-- What this task involves --
Look below for the line with "4K misty forest with geometric overlay". Retype it and every line after it to the end, exactly, but leave out the pictures.

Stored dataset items
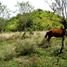  Grundstück zu verkaufen in Renacimiento, Chiriqui, Plaza Caisan, Renacimiento, Chiriqui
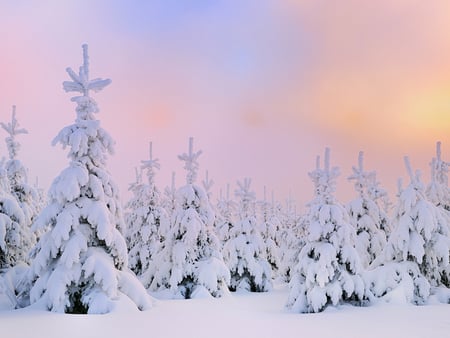 Trees dressed with snow - nature, landscape, snow, pine, winter, tree, sunset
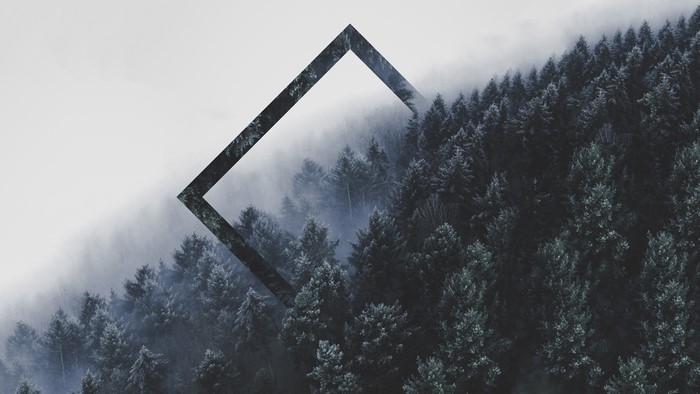 4K misty forest with geometric overlay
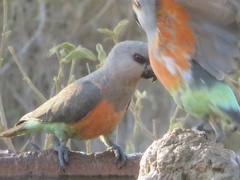 Poicephalus rufiventris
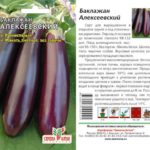 Varietà di melanzane per serre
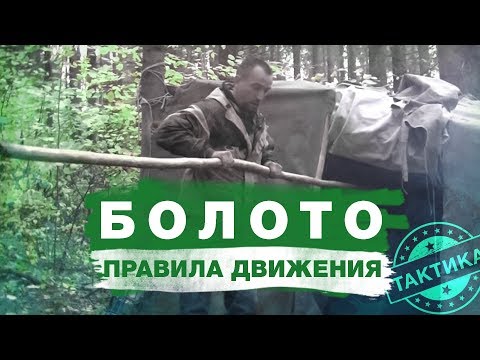 Видео: БОЛОТА - ПРАВИЛА  ДВИЖЕНИЯ через ТОПЬ (как бы между строк)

-- Result --
 4K misty forest with geometric overlay
 Poicephalus rufiventris
 Varietà di melanzane per serre
 Видео: БОЛОТА - ПРАВИЛА  ДВИЖЕНИЯ через ТОПЬ (как бы между строк)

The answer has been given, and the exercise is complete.